Rotor speed and direct torque measurements were acquired with two different measurement amplifiers. A synchronisation was achieved by a comparison of the rotor load in the wind direction (including inertia) and the nacelle acceleration. Both signals were time-shifted so that the onset of the motion occurs at the same time in both signals. The accuracy of this procedure is difficult to evaluate but is assumed to be maximum 2 % of the motion period. This results in a maximum phase shift of 7° between the rotor speed and direct torque measurements. As the contribution of the direct torque measurements to the rotor torque amplitude is below 20 %, the influence of this phase shift is assumed to be comparatively small.

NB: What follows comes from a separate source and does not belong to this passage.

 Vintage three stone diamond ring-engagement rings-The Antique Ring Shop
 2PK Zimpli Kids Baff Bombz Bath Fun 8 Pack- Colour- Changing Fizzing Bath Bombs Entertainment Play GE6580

D4 Uncertainty in the determination of the mass moment of inertia

The two sources of uncertainty are the rotor speed and the rotor torque measurement (both discussed above). In both, no significant systematic uncertainty is expected. As the measurements are repeated only four times, the above-described sources of random uncertainty did not completely average out. The procedure resulted in a maximum deviation of 1.4 % between the results for three independent runs with different rotor accelerations.

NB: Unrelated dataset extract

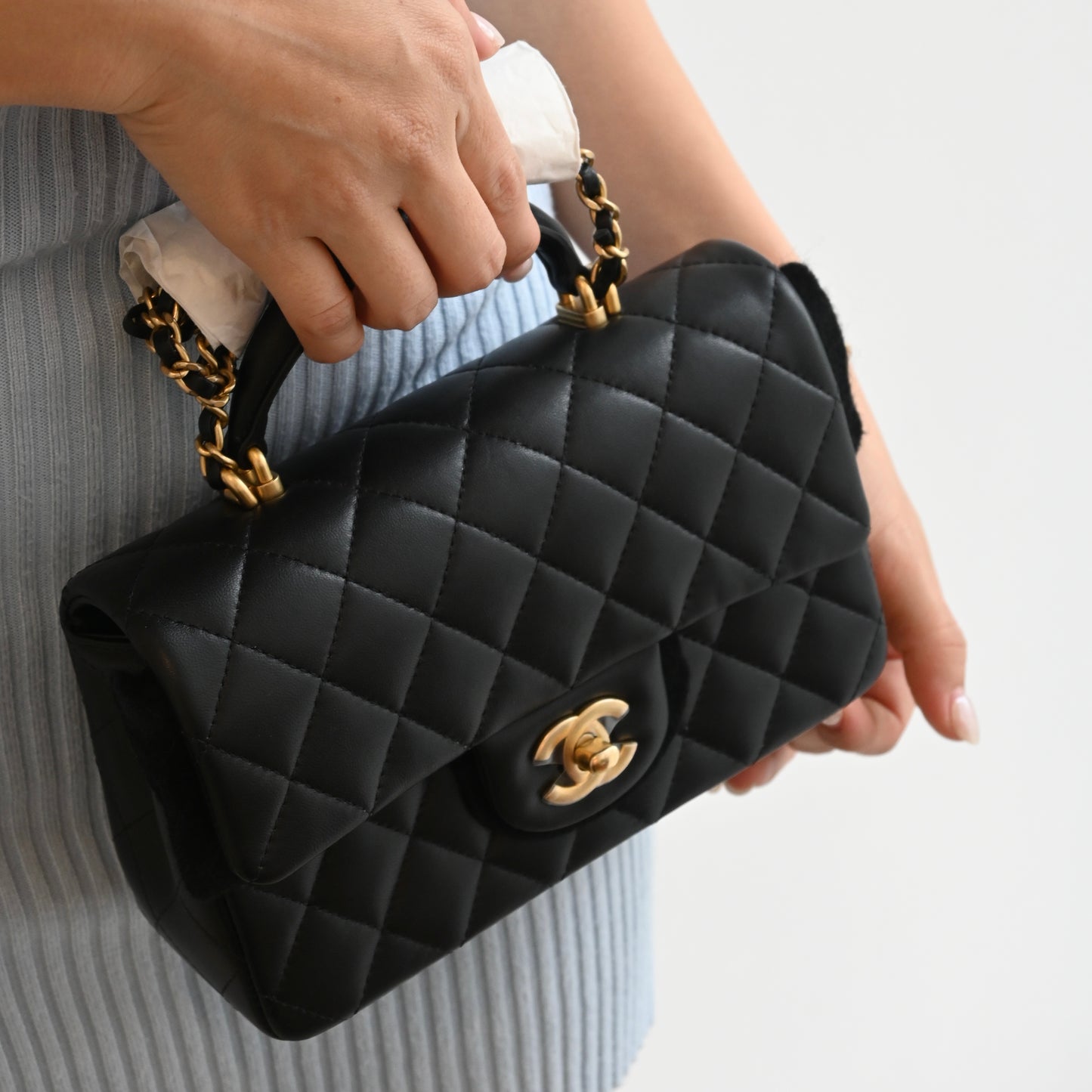 Chanel Mini Flap Top Handle Lambskin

D5 Uncertainty in position and velocity amplitude measurement

For the reproduction of the measurements with the numerical model, the measurement of the actual motion amplitude is as crucial as the torque measurement itself. The positioning sensor has an overall uncertainty of 0.01 mm. This is about 0.2 % of the lowest motion amplitude. However, the most crucial uncertainty comes from the deviation of the actual motion trajectory between different motion cycles. Deviations of about 3 % have been observed when considering approximately 15 motion cycles. These deviations have been accepted, and no detailed analysis on the consequences of these was performed.

Finally, a theoretical investigation of the combined systematic and random uncertainty in the rotor torque, surge motion and data processing with a sufficient level of detail was found to be very complex and prone to errors. However, an experimental investigation of these uncertainties would have required the construction of an elaborate calibration rig. This was out of the scope of the current work. Therefore, the authors had to rely on the above theoretical analysis, where systematic errors are shown to be generally in a low single-digit percentage range. In addition, an indication that the random uncertainty is also within a low single-digit percentage can be concluded from the comparison of the repetition results shown.

Appendix E: Thrust force amplitudes of the simulation study of the TUHH model rotor

Figure E1 Aerodynamic rotor thrust amplitudes of the model rotor from simulations as a response to the extended surge motions plotted over the motion period and rotor reduced frequency. Thrust amplitudes are normalised to the case with the highest motion period.

Appendix F: Torque amplitudes of the simulation study of the UNAFLOW and the IEA 15 MW rotor

Figure F1 Aerodynamic rotor torque amplitudes of the UNAFLOW rotor from simulations as a response to surge motions plotted over the motion period and rotor reduced frequency. Torque amplitudes are normalised to the case with the highest motion period.

Figure F2 Aerodynamic rotor torque amplitudes of the IEA 15 MW as a response to surge motions, plotted over the motion period and rotor reduced frequency. Torque amplitudes are normalised to the scenario with the highest motion period in the case of the panel method and to the quasi-steady simulation in case of BEMT.